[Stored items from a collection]
== Segment start ==

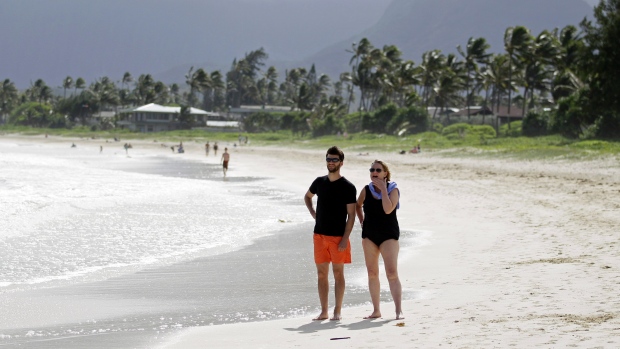 Um casal na praia de Kailua Bay, no Havai. (AP / Eric Risberg)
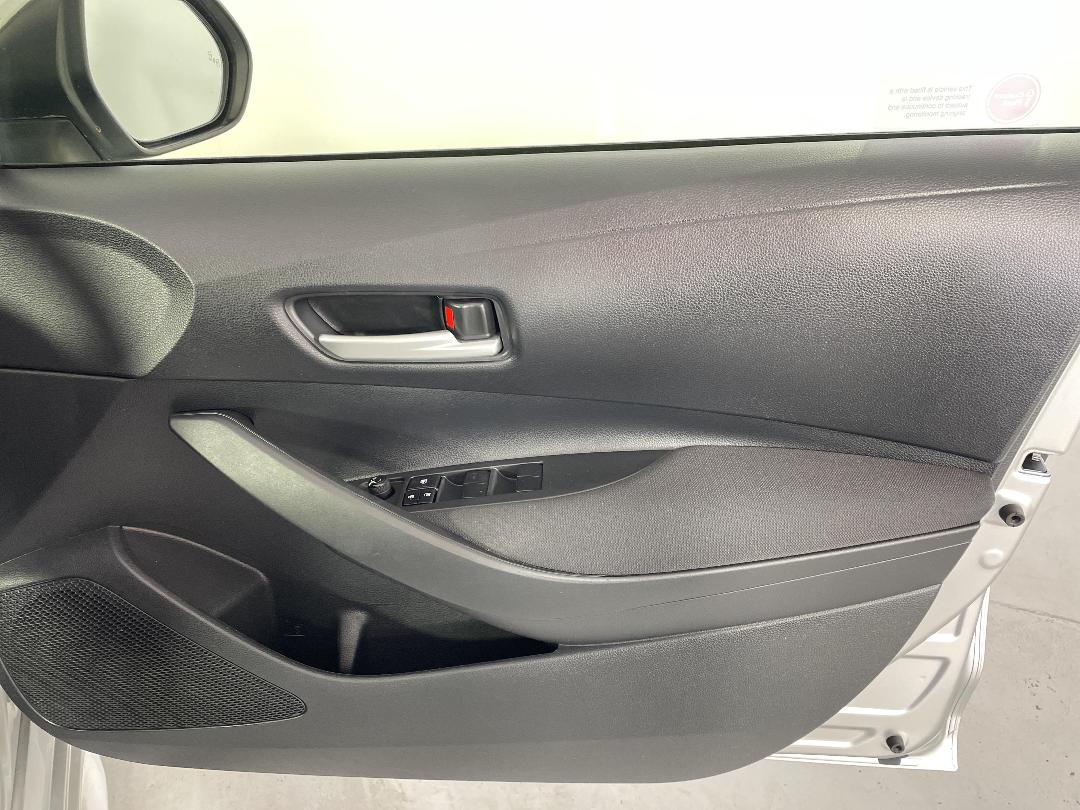 Photo '15' of Toyota Corolla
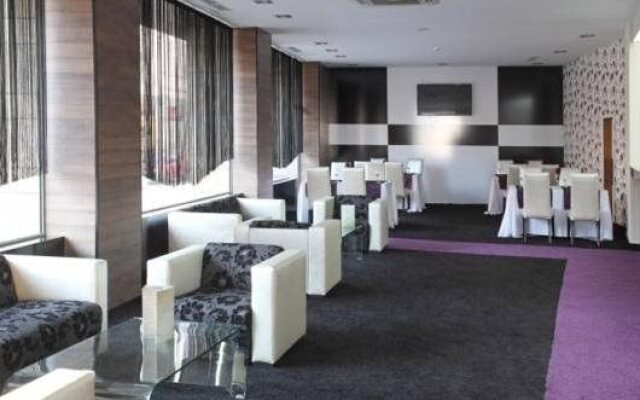 Hotel Madara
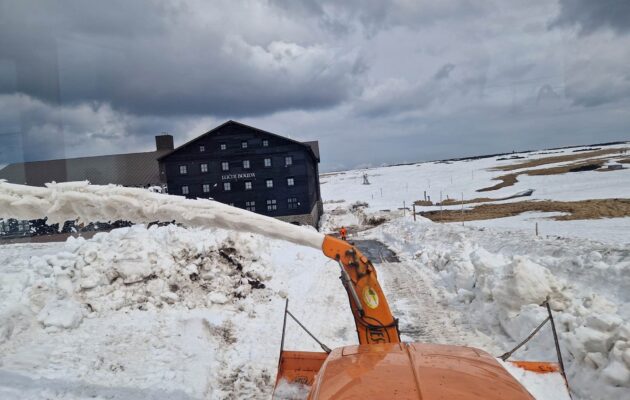 FOTO: Fréza prorážela sněhem cestu z Výrovky na Luční boudu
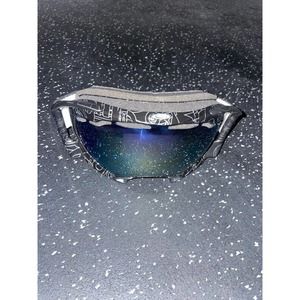 Oakley Snowboarding Goggles For Men with Black & White Design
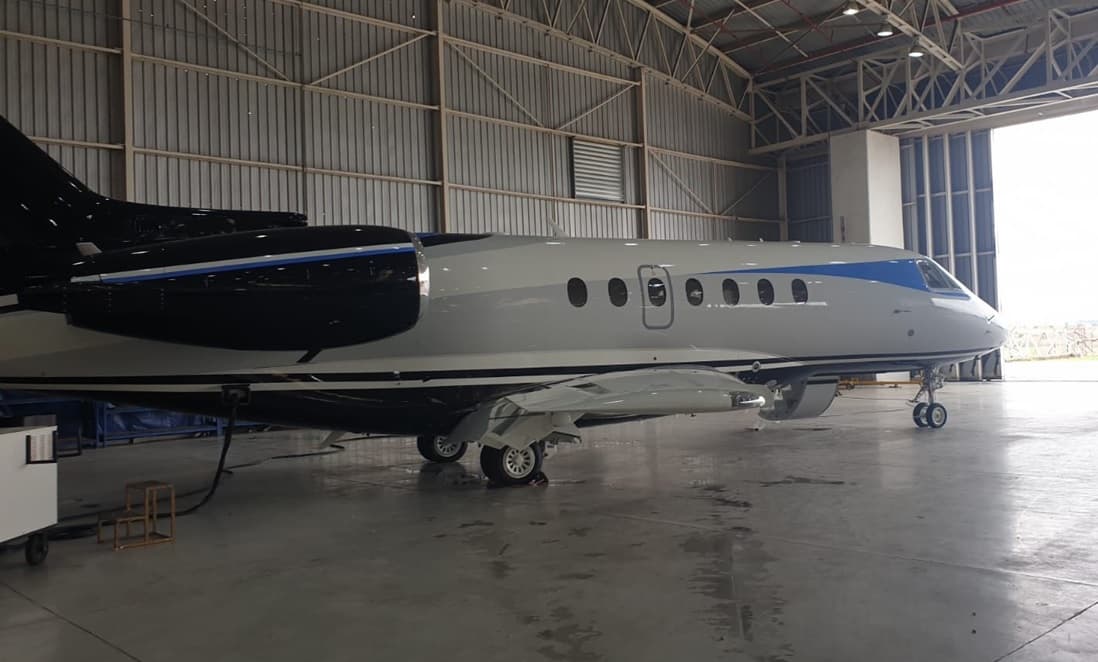 Hawker 4000 OE-HRT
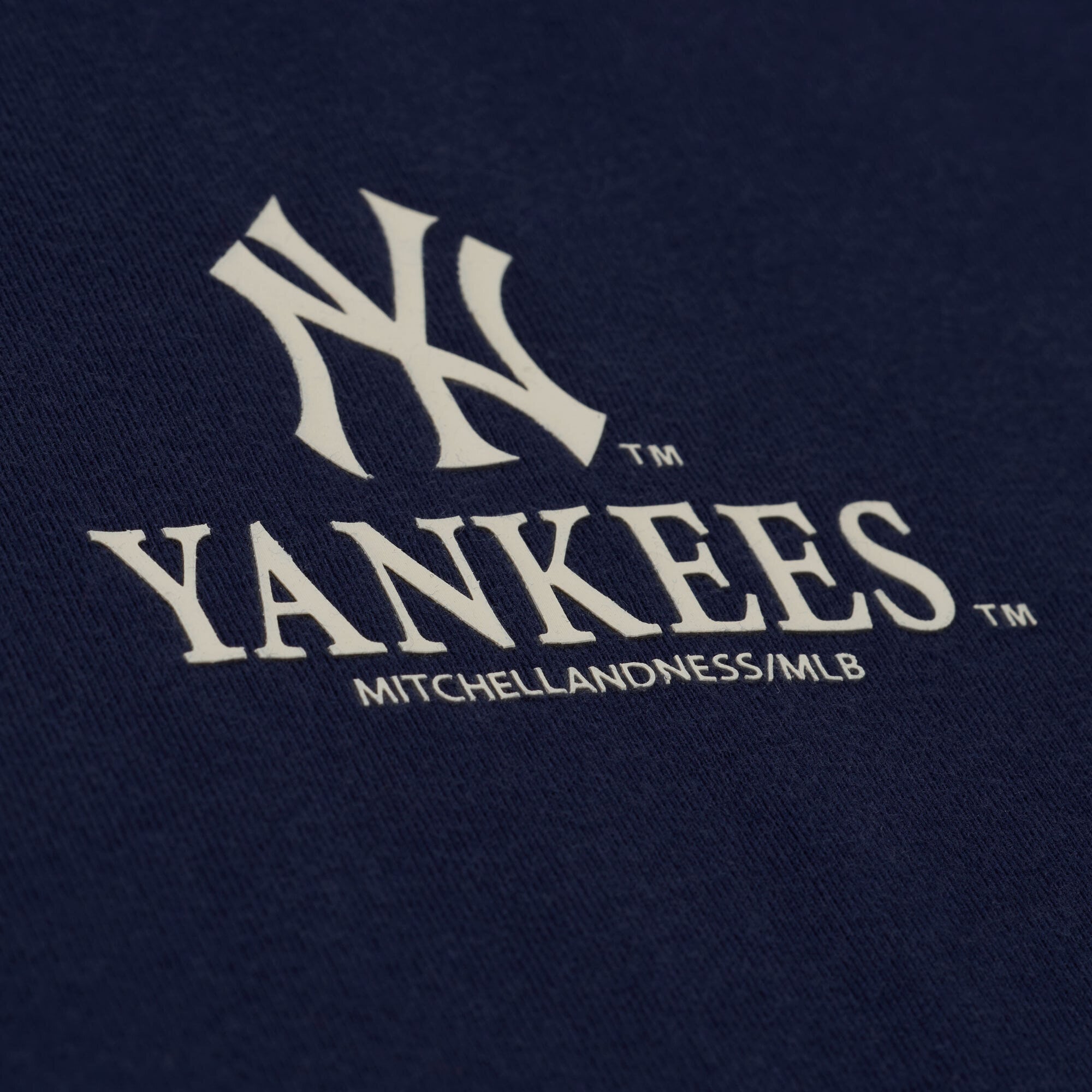 T-shirt Mitchell & Ness pour femme, bleu marine, New York Yankees Core Essentials, micro-logo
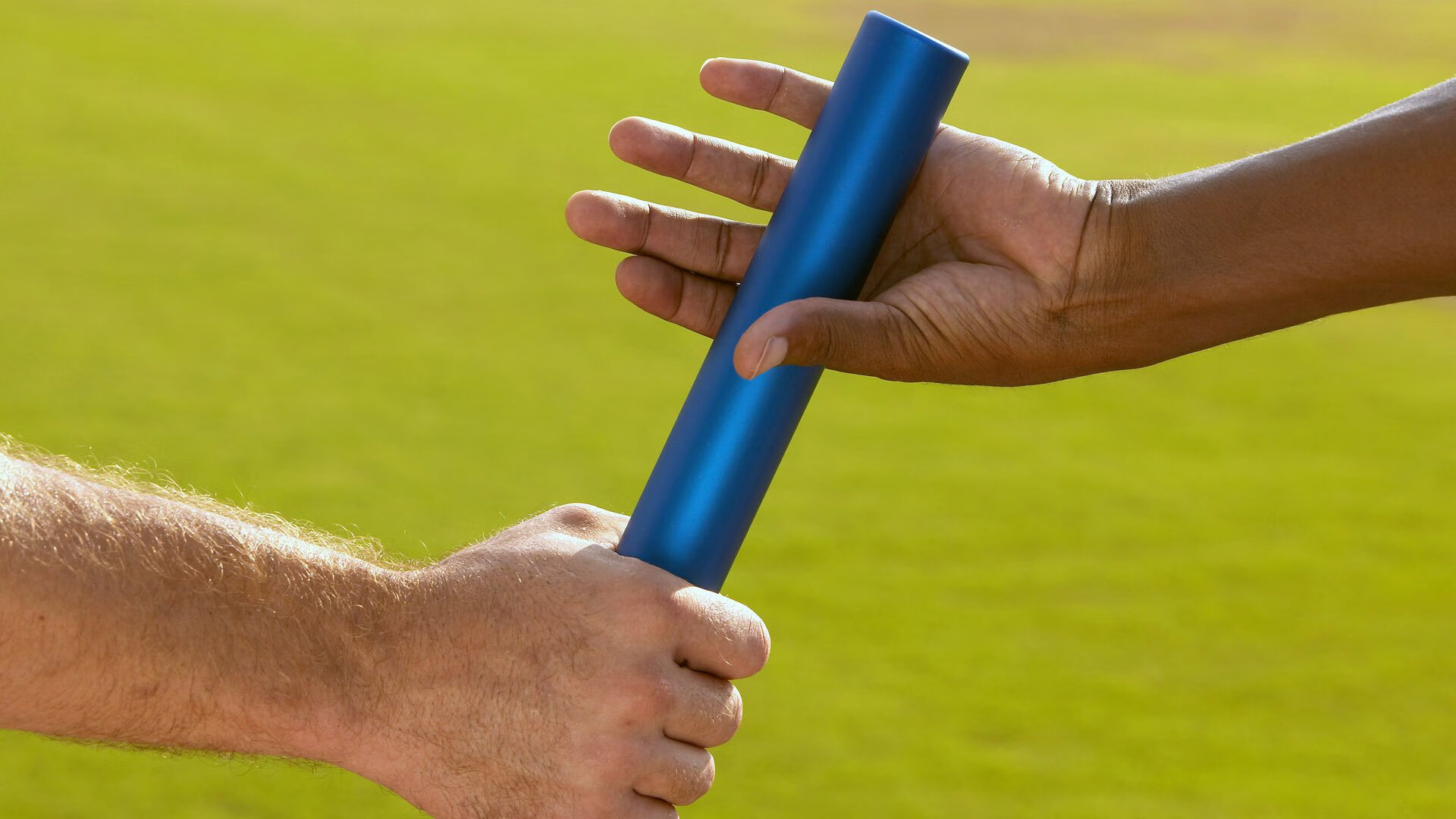 大型无人机飞行赛，科技助力新型运动体验，无人机比赛现场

== Segment end ==

* **Your task**
Drop every picture, then write out the remaining entries above exactly as they appear.

* **Solution**
 Um casal na praia de Kailua Bay, no Havai. (AP / Eric Risberg)
 Photo '15' of Toyota Corolla
 Hotel Madara
 FOTO: Fréza prorážela sněhem cestu z Výrovky na Luční boudu
 Oakley Snowboarding Goggles For Men with Black & White Design
 Hawker 4000 OE-HRT
 T-shirt Mitchell & Ness pour femme, bleu marine, New York Yankees Core Essentials, micro-logo
 大型无人机飞行赛，科技助力新型运动体验，无人机比赛现场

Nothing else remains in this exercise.